═══ Provided material ═══
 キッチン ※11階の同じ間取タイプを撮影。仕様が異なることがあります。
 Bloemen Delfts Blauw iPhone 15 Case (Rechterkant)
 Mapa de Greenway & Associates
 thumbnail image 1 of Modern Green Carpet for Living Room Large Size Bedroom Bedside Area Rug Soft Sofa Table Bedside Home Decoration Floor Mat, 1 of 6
═══
═══ Provided material ═══
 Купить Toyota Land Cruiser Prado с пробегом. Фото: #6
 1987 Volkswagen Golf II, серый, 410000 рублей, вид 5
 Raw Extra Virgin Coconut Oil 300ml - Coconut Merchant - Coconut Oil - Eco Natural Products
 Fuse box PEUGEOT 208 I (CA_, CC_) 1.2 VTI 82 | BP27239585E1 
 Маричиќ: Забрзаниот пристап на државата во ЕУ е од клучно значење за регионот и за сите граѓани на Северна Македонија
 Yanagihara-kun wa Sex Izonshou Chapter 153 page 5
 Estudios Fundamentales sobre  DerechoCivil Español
═══
▶ _About this task_: Set down precisely the lines above between the line holding "Маричиќ: Забрзаниот пристап" and the line holding "Estudios Fundamentales sobre", inclusive, and nothing beyond them.

▶ _Solution_:
 Маричиќ: Забрзаниот пристап на државата во ЕУ е од клучно значење за регионот и за сите граѓани на Северна Македонија
 Yanagihara-kun wa Sex Izonshou Chapter 153 page 5
 Estudios Fundamentales sobre  DerechoCivil Español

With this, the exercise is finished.